◆ Goal of the exercise:
Going through the data below, please show each line containing the string "Earrings".

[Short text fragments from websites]
-- -- --
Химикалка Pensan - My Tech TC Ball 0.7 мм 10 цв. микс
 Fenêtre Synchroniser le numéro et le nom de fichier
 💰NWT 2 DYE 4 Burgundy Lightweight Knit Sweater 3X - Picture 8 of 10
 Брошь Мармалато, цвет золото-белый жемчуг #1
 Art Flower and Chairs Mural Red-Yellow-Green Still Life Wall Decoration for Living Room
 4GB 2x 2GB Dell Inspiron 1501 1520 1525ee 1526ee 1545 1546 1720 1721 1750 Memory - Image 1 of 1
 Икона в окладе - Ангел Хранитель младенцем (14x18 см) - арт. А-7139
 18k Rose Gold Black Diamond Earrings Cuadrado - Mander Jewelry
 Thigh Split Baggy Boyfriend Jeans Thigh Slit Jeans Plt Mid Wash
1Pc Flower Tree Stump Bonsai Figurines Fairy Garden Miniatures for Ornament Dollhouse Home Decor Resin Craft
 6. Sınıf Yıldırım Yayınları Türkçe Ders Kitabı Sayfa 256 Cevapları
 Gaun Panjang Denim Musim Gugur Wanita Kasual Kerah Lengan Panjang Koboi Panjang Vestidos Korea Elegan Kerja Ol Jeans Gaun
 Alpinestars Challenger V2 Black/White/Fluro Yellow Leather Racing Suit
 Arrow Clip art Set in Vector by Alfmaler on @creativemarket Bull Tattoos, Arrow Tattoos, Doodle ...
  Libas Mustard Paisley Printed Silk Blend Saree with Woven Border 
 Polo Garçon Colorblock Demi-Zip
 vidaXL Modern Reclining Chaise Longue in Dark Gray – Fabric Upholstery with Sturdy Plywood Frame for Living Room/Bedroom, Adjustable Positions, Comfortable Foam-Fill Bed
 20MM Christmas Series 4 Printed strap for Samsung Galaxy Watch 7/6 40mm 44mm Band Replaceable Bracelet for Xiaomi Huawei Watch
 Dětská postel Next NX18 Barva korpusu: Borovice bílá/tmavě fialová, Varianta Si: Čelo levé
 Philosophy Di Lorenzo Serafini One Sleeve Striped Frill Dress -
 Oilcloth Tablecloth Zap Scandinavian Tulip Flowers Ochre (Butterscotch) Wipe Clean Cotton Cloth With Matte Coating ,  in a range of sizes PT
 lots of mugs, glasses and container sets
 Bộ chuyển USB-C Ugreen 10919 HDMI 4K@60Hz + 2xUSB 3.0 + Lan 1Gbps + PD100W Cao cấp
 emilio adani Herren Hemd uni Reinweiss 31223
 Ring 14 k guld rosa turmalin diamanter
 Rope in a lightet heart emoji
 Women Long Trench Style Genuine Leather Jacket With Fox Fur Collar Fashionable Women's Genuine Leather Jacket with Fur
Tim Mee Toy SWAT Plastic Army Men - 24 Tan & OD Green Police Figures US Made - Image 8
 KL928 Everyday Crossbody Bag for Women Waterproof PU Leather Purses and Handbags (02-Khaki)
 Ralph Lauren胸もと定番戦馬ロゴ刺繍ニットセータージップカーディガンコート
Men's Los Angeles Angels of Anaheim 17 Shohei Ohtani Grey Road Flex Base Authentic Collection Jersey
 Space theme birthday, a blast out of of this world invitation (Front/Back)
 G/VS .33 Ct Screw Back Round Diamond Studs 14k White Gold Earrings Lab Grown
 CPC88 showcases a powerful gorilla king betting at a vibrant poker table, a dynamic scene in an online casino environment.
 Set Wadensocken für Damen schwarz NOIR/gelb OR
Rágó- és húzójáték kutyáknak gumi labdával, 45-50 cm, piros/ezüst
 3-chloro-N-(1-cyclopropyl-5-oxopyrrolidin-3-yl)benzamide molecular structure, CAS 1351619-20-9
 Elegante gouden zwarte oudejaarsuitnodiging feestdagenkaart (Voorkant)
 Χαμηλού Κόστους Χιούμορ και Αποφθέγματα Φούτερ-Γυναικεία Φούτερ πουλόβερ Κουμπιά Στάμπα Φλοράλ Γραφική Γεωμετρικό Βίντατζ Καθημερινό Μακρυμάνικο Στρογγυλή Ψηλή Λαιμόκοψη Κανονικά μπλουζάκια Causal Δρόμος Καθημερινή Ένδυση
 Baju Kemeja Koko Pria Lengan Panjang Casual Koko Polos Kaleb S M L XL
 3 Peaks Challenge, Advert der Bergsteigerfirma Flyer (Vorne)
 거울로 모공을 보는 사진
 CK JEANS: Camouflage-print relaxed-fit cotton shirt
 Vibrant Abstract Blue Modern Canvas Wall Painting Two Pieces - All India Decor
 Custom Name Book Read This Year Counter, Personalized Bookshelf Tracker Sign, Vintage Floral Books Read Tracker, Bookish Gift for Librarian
-- -- --
◆ Problem solution:
 18k Rose Gold Black Diamond Earrings Cuadrado - Mander Jewelry
 G/VS .33 Ct Screw Back Round Diamond Studs 14k White Gold Earrings Lab Grown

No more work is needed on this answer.